- Developer(s): Burut Creative Team
- Publisher(s): Russobit-M
- Engine: X-Tend
- Platform(s): Microsoft Windows
- Release: August 29, 2003
- Genre(s): First-person shooter
- Mode(s): Single-player, multiplayer

= Kreed (video game) =

2003 video game

Kreed is a sci-fi first-person shooter video game developed by Burut Creative Team and published by Russobit-M in 2003. It takes place in the distant future in the 30th century. The player controls an unnamed space marine trying to stop a cult of religious fanatics trying to get access to a strange cross-dimensional anomaly known as The Kreed. A standalone expansion pack for the game titled Kreed: Battle for Savitar was released in 2004.

== Gameplay ==
Kreed is a fairly standard first-person shooter game from the era.
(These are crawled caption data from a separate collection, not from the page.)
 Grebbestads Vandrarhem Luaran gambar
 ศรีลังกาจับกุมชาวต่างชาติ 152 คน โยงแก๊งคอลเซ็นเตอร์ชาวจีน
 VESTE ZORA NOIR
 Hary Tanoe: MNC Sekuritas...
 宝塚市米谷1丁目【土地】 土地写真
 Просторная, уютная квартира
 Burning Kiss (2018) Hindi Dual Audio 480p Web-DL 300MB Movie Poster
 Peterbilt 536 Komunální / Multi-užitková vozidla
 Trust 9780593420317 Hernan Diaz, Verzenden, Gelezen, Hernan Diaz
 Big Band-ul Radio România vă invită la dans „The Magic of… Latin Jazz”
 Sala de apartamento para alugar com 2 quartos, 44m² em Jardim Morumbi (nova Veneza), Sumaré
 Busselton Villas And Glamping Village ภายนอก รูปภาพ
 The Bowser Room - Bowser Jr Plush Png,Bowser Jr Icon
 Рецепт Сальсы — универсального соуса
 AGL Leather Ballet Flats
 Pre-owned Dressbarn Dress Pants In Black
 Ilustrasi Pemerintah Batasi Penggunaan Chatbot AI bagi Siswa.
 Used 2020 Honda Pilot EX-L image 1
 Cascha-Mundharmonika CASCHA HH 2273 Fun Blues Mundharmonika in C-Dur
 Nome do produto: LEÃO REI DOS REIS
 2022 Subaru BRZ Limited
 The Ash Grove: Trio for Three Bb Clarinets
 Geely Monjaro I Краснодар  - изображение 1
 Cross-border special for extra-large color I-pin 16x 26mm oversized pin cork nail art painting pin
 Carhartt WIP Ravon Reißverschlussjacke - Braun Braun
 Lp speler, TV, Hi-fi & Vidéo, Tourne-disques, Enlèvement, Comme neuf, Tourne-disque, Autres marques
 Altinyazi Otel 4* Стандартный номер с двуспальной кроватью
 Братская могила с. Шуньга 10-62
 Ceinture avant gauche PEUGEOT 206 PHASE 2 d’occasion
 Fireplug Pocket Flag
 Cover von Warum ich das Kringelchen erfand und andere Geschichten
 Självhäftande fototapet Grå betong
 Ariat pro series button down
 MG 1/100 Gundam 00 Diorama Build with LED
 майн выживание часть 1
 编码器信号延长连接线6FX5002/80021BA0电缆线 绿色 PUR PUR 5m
It has a heavy emphasis on world building and exploration à la games like Half-Life 2 or Doom 3. The plot of the game is presented in the form of in-game cutscenes as well as messages the player can read off of computer terminals. The player has access to nine different types of weapons. Some of these weapons include three-barreled shotguns, flamethrowers and chainguns. In combat, enemies will try to work as a team and swarm and flank the player. They are attracted by the sound of gunfire and other similar sounds as well.

== Plot ==
Set in the year 2944, humanity is caught in an interstellar war with an alien species known as the Tiglaary. A strange spatial anomaly known as the Kreed has been deeply puzzling scientists for quite some time. Many people believe the anomaly has great spiritual and religious significance (with some believing it to be a gateway to communicating to higher beings). A group of religious fanatics underneath an ex-military commander by the name of Teofrast Rumi are attempting to breach into the Kreed. Daniel, the player character, is sent to the Kreed to stop them.

== Reception ==
The game received generally mixed reviews upon release, and has an average score of 54 on Russian review aggregate platform Kritikanstvo. Stepan Chechulin of Igromania gave the game a score of 70%, Absolute Games gave it a score of 40%, and Konstantin Inin of Land of Games gave it a score of 7.5.